SpaceX Doesn’t Want BEAD Payments Tied to Subscriber Milestones

That’s how most states would prefer to disburse the company’s grant awards.

SpaceX Doesn’t Want BEAD Payments Tied to Subscriber Milestones
Photo of a SpaceX Falcon 9 rocket with a payload of second-generation Starlink satellites lifting off in April 2023 by John Raoux/AP

WASHINGTON, Jan. 27, 2026 – SpaceX is looking for state broadband offices to pay out its Broadband Equity, Access, and Deployment program funding in equal installments over time. Most states would prefer to use subscriber milestones.

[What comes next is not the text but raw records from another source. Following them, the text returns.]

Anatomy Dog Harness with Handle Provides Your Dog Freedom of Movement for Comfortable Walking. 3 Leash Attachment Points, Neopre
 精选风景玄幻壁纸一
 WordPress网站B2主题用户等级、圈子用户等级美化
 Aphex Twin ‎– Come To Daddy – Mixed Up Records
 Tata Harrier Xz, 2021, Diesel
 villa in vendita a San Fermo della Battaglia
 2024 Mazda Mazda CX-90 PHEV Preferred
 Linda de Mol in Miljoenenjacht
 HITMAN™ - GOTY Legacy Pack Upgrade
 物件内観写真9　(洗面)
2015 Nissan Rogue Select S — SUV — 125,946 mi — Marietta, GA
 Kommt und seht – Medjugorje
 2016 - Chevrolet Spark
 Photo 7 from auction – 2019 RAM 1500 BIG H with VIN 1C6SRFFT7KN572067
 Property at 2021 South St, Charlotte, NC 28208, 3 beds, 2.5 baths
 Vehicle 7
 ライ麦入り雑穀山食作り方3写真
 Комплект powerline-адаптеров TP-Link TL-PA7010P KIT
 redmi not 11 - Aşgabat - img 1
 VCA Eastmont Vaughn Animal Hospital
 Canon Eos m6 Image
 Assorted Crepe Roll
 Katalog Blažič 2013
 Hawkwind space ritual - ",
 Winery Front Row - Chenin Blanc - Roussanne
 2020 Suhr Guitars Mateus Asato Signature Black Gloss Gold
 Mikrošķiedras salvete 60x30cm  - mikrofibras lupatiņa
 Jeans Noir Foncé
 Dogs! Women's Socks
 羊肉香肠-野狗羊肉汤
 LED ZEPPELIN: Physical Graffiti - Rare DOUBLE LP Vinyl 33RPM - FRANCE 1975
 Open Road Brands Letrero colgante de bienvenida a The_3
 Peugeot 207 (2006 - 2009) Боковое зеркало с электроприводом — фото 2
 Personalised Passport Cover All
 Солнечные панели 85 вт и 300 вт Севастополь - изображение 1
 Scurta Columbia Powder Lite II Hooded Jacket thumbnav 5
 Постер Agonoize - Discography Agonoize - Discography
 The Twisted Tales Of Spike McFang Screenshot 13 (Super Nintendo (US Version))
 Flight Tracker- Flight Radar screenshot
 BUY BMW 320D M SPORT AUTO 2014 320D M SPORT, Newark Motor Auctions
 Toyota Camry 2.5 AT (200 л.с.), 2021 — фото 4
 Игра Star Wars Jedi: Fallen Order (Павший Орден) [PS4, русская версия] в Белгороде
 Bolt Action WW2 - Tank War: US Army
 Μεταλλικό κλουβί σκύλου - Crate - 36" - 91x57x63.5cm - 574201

Doug Adams, head of marketing firm Broadband Marketers, on Monday evening posted a contract rider he said SpaceX had asked states to sign as part of their grant agreements.

Among other provisions, the eight-page document included a provision that states would pay the company 50 percent of its award once SpaceX certified it could readily provide service to each of its awarded locations. The rest of the grant funds would be disbursed quarterly in equal installments over the next 10 years.

A state broadband official familiar with the matter said states that awarded SpaceX BEAD funding had received the same rider. They said the National Telecommunications and Information Administration, which runs the BEAD program, had told states not to sign the document and that more agency guidance on the issue would be forthcoming.

NTIA declined to comment. SpaceX did not immediately respond to a request for comment.

When the Trump administration updated the $42.45 billion program’s rules in June, it made it easier for satellite broadband providers like Elon Musk’s SpaceX to compete for grant funding. 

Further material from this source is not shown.